- [Exercise requirements] Only the line with "iPhone 15 Cosmo Mag Case(open box) - Flower" and the lines after it, to the end of the data, should appear in the answer, each reproduced exactly.

Records from a dataset:
------------------------------------
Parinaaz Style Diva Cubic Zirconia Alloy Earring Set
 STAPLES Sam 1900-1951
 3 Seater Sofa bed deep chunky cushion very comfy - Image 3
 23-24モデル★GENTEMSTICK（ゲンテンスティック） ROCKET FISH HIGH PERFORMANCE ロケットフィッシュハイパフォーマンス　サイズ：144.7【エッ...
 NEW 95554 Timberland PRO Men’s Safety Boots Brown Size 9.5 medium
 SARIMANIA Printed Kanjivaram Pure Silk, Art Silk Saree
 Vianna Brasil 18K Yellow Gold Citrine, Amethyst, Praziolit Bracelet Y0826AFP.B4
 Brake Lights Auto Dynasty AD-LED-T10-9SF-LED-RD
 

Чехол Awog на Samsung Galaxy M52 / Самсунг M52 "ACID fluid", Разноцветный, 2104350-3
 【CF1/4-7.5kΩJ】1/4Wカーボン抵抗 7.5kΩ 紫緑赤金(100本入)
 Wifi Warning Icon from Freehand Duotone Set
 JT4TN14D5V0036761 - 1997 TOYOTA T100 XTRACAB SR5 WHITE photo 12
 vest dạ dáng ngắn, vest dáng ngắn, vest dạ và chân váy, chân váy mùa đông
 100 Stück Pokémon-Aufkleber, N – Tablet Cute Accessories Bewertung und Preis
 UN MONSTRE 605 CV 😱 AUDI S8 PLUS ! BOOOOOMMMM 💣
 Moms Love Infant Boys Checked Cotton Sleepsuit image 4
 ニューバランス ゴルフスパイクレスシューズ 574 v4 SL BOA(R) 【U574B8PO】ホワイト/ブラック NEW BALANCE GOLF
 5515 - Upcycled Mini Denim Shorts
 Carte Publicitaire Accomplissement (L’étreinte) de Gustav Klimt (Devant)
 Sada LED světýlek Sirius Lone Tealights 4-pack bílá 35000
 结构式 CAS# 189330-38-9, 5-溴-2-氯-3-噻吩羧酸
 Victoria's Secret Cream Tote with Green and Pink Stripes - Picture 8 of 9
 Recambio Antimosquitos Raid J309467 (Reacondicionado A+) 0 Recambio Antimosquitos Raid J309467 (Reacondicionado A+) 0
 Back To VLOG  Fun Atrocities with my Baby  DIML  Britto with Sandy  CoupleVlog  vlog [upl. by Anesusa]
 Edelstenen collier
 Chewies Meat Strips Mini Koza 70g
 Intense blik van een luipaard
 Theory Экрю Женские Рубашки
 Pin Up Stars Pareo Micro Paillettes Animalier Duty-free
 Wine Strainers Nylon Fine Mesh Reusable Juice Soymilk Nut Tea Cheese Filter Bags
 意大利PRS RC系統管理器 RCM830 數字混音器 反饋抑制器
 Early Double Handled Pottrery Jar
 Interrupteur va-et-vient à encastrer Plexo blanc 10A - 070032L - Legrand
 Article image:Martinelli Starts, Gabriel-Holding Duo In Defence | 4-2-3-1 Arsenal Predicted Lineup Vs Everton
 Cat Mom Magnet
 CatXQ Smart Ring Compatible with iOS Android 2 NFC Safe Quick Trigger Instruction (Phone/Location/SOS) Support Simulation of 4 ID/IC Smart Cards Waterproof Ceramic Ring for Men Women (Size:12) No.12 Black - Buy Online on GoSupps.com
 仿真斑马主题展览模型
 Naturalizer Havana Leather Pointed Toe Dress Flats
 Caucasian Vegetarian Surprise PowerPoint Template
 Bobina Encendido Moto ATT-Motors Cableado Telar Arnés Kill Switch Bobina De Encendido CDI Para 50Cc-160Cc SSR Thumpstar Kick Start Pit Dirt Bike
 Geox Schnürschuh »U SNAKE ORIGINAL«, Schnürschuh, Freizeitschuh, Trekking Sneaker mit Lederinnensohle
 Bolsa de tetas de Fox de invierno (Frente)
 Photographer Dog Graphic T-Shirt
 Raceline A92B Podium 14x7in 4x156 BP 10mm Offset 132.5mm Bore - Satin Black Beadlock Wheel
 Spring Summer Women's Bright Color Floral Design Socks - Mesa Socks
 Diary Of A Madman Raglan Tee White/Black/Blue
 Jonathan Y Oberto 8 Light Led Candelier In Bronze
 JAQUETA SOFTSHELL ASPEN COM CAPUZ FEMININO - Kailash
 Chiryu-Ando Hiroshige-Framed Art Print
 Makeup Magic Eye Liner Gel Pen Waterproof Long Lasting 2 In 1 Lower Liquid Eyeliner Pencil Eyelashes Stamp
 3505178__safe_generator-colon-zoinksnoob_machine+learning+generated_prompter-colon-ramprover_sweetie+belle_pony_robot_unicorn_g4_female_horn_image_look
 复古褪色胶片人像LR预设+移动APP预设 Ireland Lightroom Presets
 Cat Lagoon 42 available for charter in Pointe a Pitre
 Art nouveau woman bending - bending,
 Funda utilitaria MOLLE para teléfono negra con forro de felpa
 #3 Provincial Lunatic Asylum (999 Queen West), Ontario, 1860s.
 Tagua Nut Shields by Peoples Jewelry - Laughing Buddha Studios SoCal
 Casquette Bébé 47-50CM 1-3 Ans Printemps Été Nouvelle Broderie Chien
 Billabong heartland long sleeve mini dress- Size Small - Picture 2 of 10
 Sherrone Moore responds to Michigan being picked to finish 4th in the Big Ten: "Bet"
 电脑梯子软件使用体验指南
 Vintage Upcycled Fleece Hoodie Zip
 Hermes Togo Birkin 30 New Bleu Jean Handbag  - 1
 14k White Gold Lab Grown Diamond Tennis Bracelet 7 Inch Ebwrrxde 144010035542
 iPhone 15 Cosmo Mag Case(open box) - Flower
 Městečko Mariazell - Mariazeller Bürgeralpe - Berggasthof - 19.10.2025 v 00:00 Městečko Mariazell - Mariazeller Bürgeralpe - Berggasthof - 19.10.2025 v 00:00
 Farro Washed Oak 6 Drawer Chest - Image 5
------------------------------------
- [Solution to the problem]
 iPhone 15 Cosmo Mag Case(open box) - Flower
 Městečko Mariazell - Mariazeller Bürgeralpe - Berggasthof - 19.10.2025 v 00:00 Městečko Mariazell - Mariazeller Bürgeralpe - Berggasthof - 19.10.2025 v 00:00
 Farro Washed Oak 6 Drawer Chest - Image 5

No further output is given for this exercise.